### What is expected:
Exact reproduction of the listing is required. Pictures are not reproduced.

### Data provided:
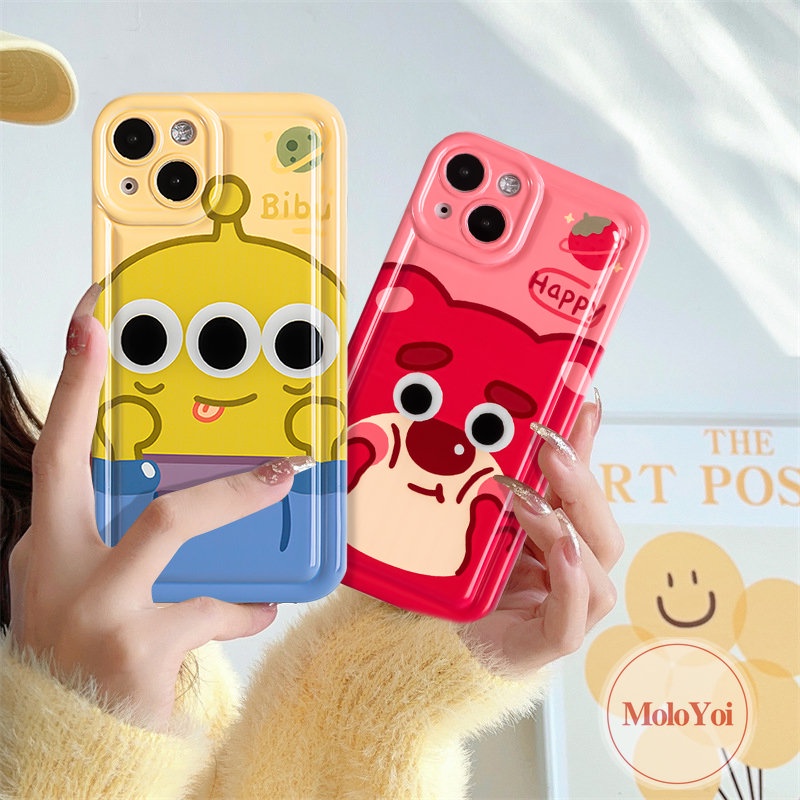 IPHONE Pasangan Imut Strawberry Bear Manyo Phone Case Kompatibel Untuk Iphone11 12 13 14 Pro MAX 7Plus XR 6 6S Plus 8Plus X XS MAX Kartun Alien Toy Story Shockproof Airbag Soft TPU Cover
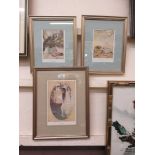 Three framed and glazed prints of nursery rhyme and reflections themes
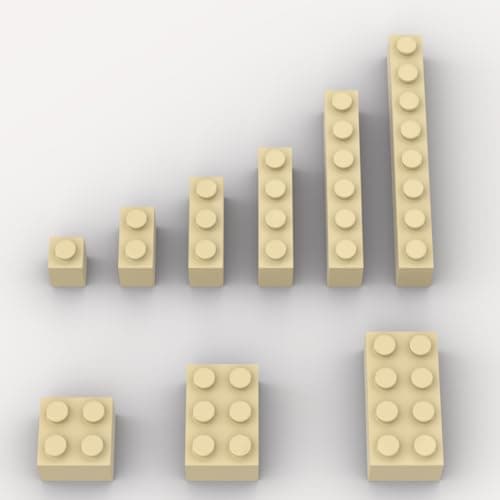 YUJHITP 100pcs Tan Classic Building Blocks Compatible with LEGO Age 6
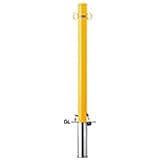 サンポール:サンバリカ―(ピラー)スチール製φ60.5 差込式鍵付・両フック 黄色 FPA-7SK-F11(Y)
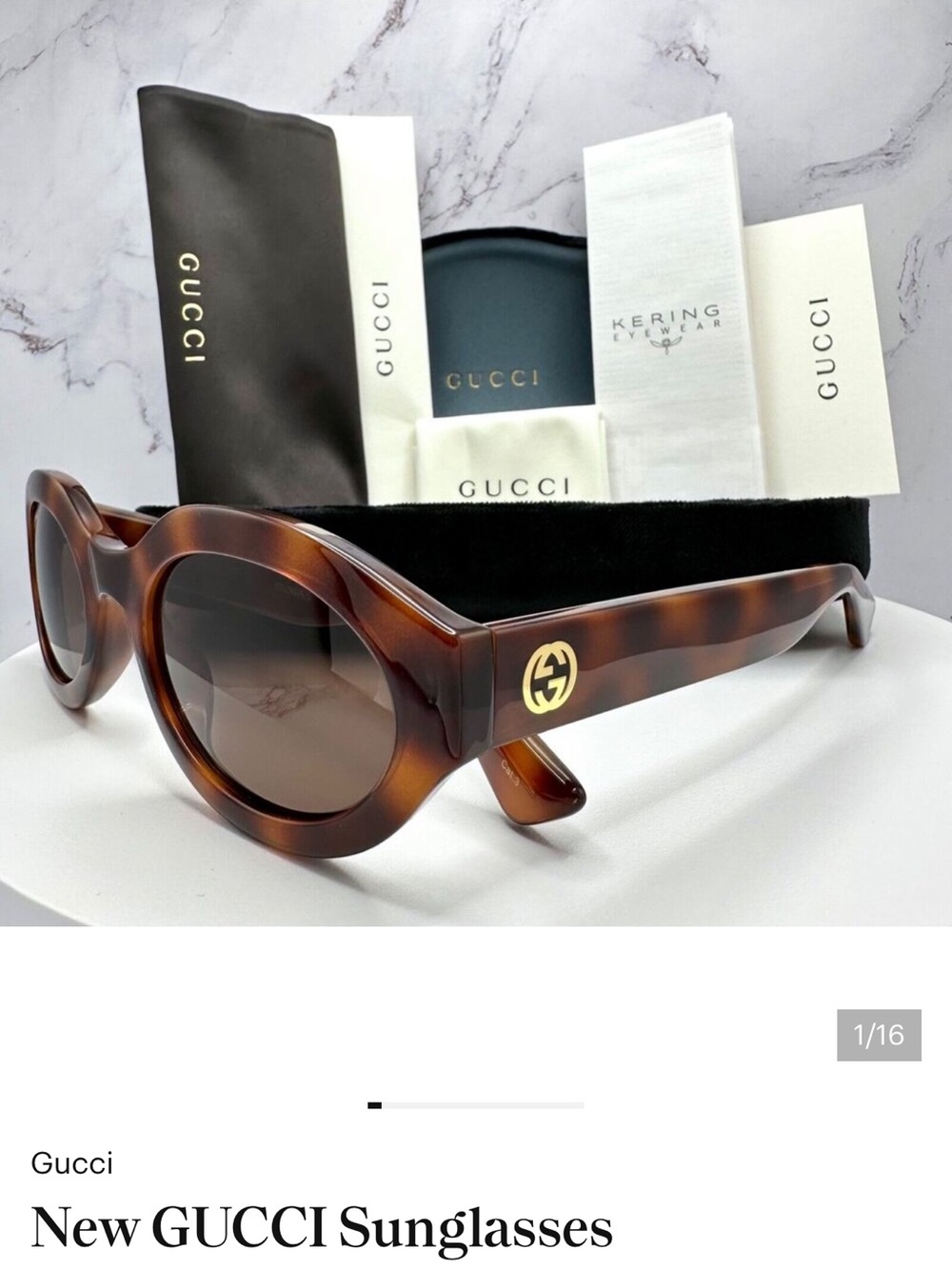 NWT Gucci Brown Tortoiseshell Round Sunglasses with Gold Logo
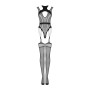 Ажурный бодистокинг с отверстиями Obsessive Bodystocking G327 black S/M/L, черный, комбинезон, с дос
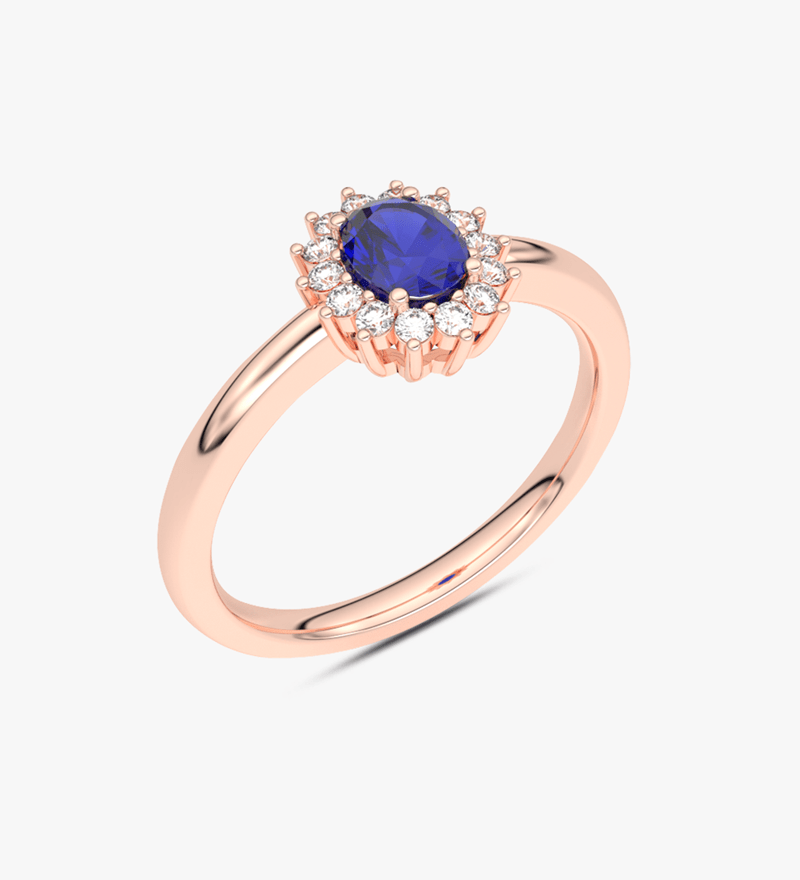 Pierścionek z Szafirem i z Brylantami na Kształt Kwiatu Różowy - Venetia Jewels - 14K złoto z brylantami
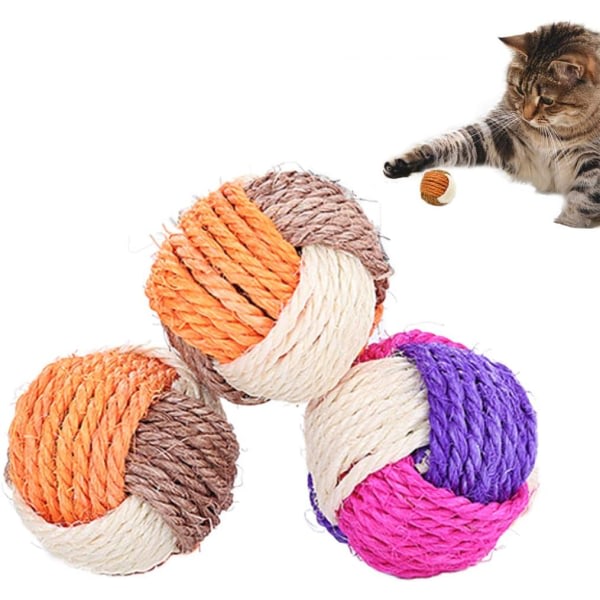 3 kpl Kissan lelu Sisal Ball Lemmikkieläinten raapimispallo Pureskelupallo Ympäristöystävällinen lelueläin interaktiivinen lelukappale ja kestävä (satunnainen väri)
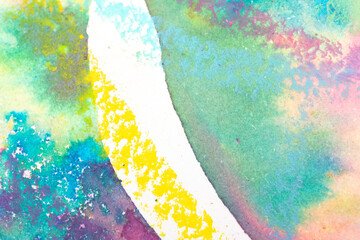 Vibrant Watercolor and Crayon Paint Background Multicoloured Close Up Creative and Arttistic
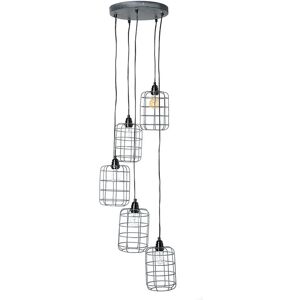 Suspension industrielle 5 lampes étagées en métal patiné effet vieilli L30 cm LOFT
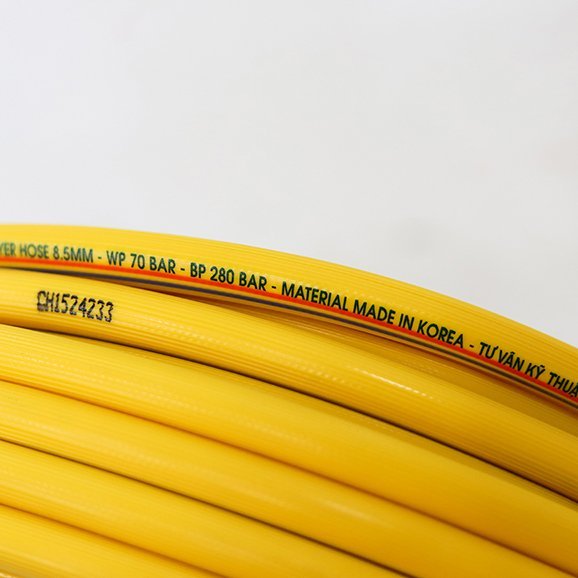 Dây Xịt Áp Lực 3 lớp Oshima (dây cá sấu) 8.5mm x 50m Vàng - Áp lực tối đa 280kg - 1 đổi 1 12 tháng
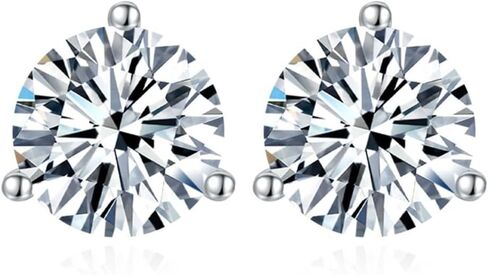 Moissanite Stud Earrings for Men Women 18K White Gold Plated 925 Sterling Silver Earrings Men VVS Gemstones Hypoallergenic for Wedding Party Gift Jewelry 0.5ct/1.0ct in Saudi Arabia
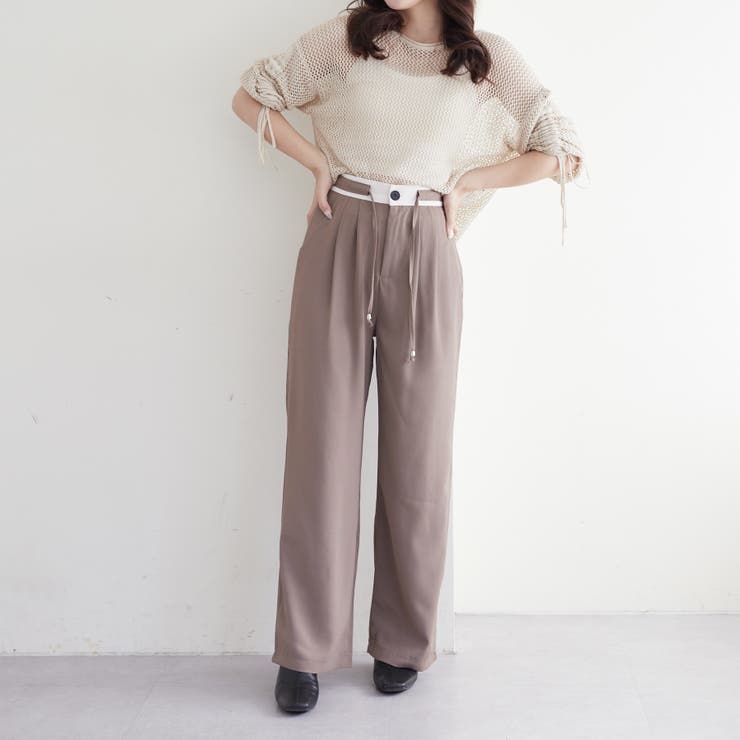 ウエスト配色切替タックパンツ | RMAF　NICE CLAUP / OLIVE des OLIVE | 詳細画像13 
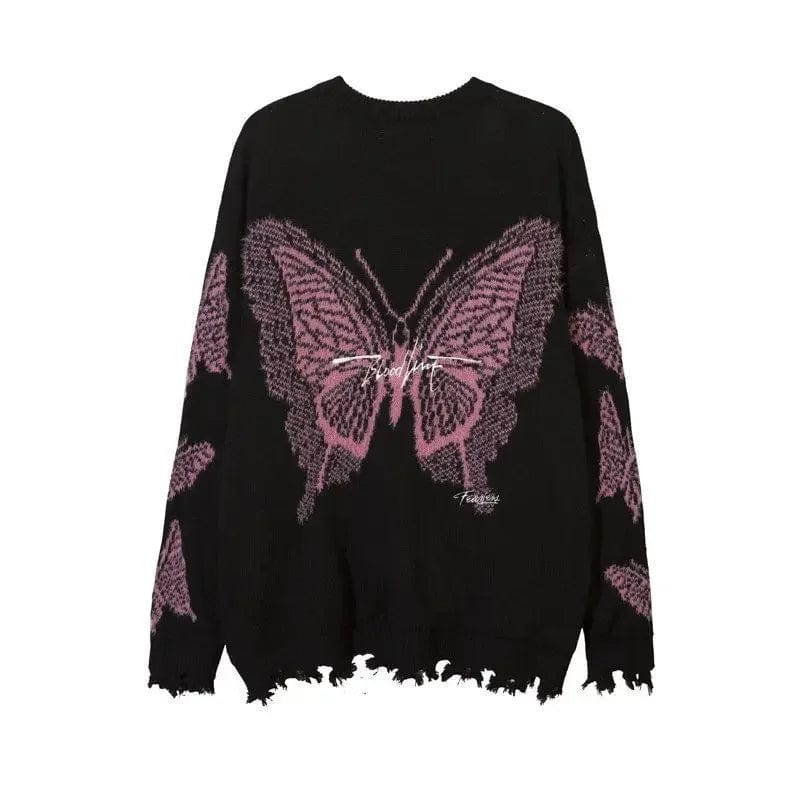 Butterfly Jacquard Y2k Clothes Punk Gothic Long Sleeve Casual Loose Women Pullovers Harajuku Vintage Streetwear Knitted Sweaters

### Solution to the problem:
 IPHONE Pasangan Imut Strawberry Bear Manyo Phone Case Kompatibel Untuk Iphone11 12 13 14 Pro MAX 7Plus XR 6 6S Plus 8Plus X XS MAX Kartun Alien Toy Story Shockproof Airbag Soft TPU Cover
 Three framed and glazed prints of nursery rhyme and reflections themes
 YUJHITP 100pcs Tan Classic Building Blocks Compatible with LEGO Age 6
 サンポール:サンバリカ―(ピラー)スチール製φ60.5 差込式鍵付・両フック 黄色 FPA-7SK-F11(Y)
 NWT Gucci Brown Tortoiseshell Round Sunglasses with Gold Logo
 Ажурный бодистокинг с отверстиями Obsessive Bodystocking G327 black S/M/L, черный, комбинезон, с дос
 Pierścionek z Szafirem i z Brylantami na Kształt Kwiatu Różowy - Venetia Jewels - 14K złoto z brylantami
 3 kpl Kissan lelu Sisal Ball Lemmikkieläinten raapimispallo Pureskelupallo Ympäristöystävällinen lelueläin interaktiivinen lelukappale ja kestävä (satunnainen väri)
 Vibrant Watercolor and Crayon Paint Background Multicoloured Close Up Creative and Arttistic
 Suspension industrielle 5 lampes étagées en métal patiné effet vieilli L30 cm LOFT
 Dây Xịt Áp Lực 3 lớp Oshima (dây cá sấu) 8.5mm x 50m Vàng - Áp lực tối đa 280kg - 1 đổi 1 12 tháng
 Moissanite Stud Earrings for Men Women 18K White Gold Plated 925 Sterling Silver Earrings Men VVS Gemstones Hypoallergenic for Wedding Party Gift Jewelry 0.5ct/1.0ct in Saudi Arabia
 ウエスト配色切替タックパンツ | RMAF　NICE CLAUP / OLIVE des OLIVE | 詳細画像13 
 Butterfly Jacquard Y2k Clothes Punk Gothic Long Sleeve Casual Loose Women Pullovers Harajuku Vintage Streetwear Knitted Sweaters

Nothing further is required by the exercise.